Keywords occur in frequencies ranging from 1 to 2170. We do not have any use for keywords that occur only once. Therefore, these can be safely removed. 

Finally, we will convert every word to its stem so that words such as *Dogs* and *Dog* are considered the same.

In [None]:
s = s[s >= 2]

In [None]:
stemmer = SnowballStemmer('english')
stemmer.stem('dogs')

In [None]:
def filter_keywords(x):
    words = []
    for i in x:
        if i in s:
            words.append(i)
    return words

In [None]:
small_data1['keywords'] = small_data1['keywords'].apply(filter_keywords)
small_data1['keywords'] = small_data1['keywords'].apply(lambda x: [stemmer.stem(i) for i in x])
small_data1['keywords'] = small_data1['keywords'].apply(lambda x: [str.lower(i.replace(" ", "")) for i in x])

In [None]:
small_data1['combination'] = small_data1['keywords'] + small_data1['cast'] + small_data1['director'] + small_data1['genres']
small_data1['combination'] = small_data1['combination'].apply(lambda x: ' '.join(x))

In [None]:
from tmdbv3api import TMDb
import json
import requests
tmdb = TMDb()
tmdb.api_key = '68b8a37c9ca19b233cc057643bfbb9eb'
from tmdbv3api import Movie
tmdb_movie = Movie()
def get_poster(x):
    response = requests.get('https://api.themoviedb.org/3/movie/{}?api_key={}'.format(x,tmdb.api_key))
    if response.status_code==200:
        data_json = response.json()
        if data_json['poster_path']:
            poster_str = 'https://image.tmdb.org/t/p/w500'+data_json['poster_path']
            return poster_str
        else:
            return 'static/default.jpg'
    return 'static/default.jpg'

In [None]:
#taking only useful columns into consideration.
small_data1.columns
small_data1=small_data1[['id','original_title','release_date','title','vote_average','combination']]
small_data1

In [None]:
count = CountVectorizer(analyzer='word',ngram_range=(1, 2),min_df=0, stop_words='english')
count_matrix = count.fit_transform(small_data1['combination'])

In [None]:
cosine_sim = cosine_similarity(count_matrix, count_matrix)

In [None]:
small_data1 = small_data1.reset_index()
titles = small_data1['title']
indices = pd.Series(small_data1.index, index=small_data1['title'])
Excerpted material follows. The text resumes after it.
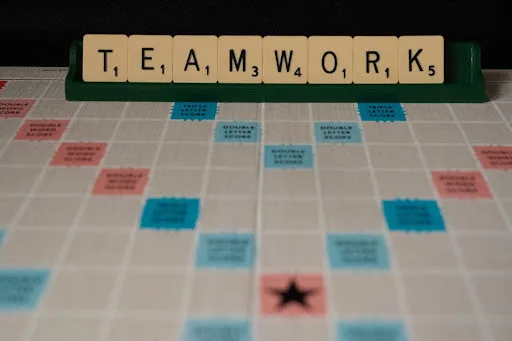 Team building Edmentum article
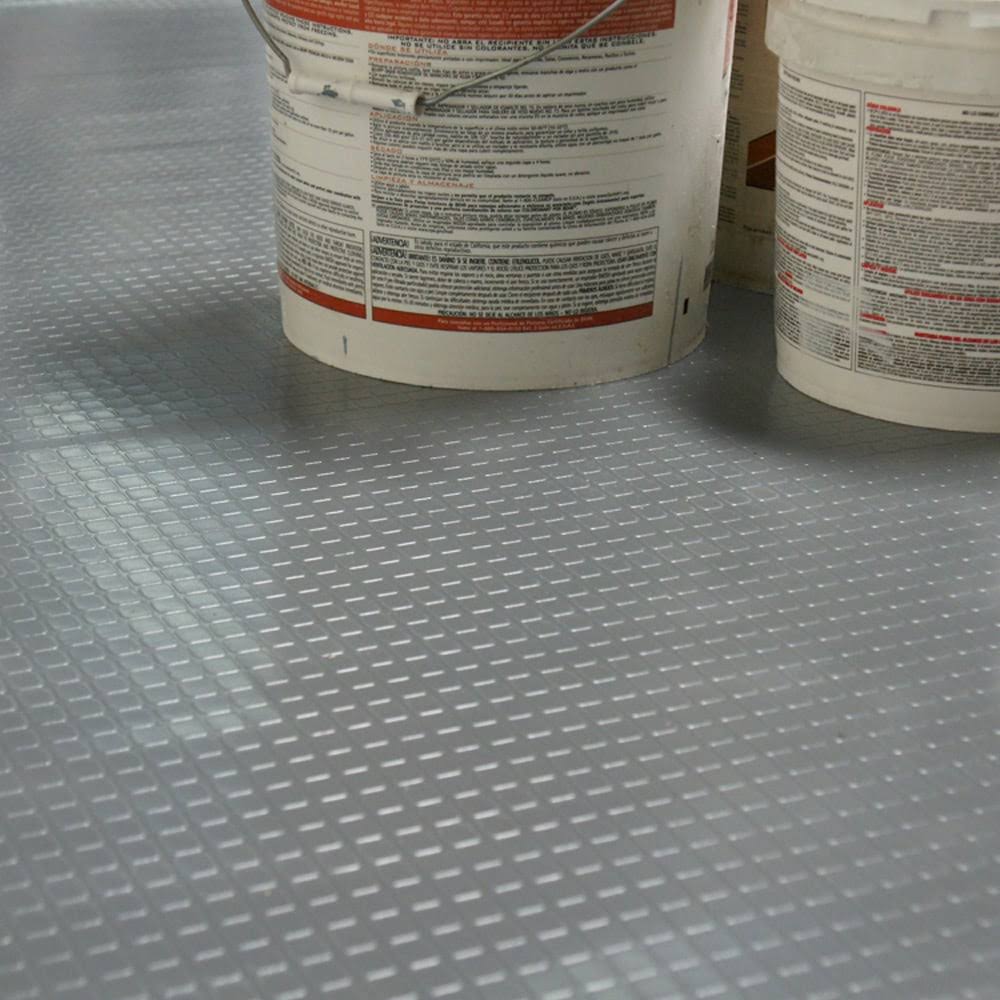 Black 2mm Rubber Flooring Rolls W443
**We will be apply get_poster function to small chunks of our small_data1 dataset this will help us to remove the Connection Reset error if we used get_poster function on whole dataset.**

Now why to apply get_poster function to whole dataset we can also apply it to recommended movies also?
We did this to save time to get recommendations of a movie.,if we applied get_poster only for recommended movies it would take up lot of time.

In [None]:
small_data1['poster']=np.nan
for i in range(2000):
    small_data1['poster'][i]=get_poster(small_data1['id'][i])

In [None]:
for i in range(2000,4000):
    small_data1['poster'][i]=get_poster(small_data1['id'][i])

In [None]:
for i in range(4000,7000):
    small_data1['poster'][i]=get_poster(small_data1['id'][i])

In [None]:
for i in range(7000,9219):
    small_data1['poster'][i]=get_poster(small_data1['id'][i])

In [None]:
def get_recommendations1(title):
    idx = indices[title]
    sim_scores = list(enumerate(cosine_sim[idx]))
    try:
        sim_scores = sorted(sim_scores, key=lambda x: x[1], reverse=True)
    except:
        sim_scores = sorted(sim_scores, key=lambda x: x[1][1], reverse=True)  
    sim_scores = sim_scores[1:11]
    movie_indices = [i[0] for i in sim_scores]
    tit = small_data1['title'].iloc[movie_indices]
    dat = small_data1['release_date'].iloc[movie_indices]
    rating = small_data1['vote_average'].iloc[movie_indices]
    movieid=small_data1['id'].iloc[movie_indices]
    org_title=small_data1['original_title'].iloc[movie_indices]
    poster=small_data1['poster'].iloc[movie_indices]
    
    
    return_df = pd.DataFrame(columns=['Title','Year'])
    return_df['Title'] = tit
    return_df['Year'] = dat
    return_df['Ratings'] = rating
    return_df['ID']=movieid
    return_df['org_title']=org_title
    return_df['poster'] =poster
    sorted_df = return_df.sort_values(by=['Ratings'], ascending=False)
    return sorted_df

In [None]:
get_recommendations1("The Dark Knight")

In [None]:
# The pickle module implements binary protocols for serializing and de-serializing a Python object structure.
import pickle
filename = 'movie_list.pkl'
pickle.dump(small_data1, open(filename, 'wb'))

#  We find this recommender system quite good and will be using to to recommend movies on our web application.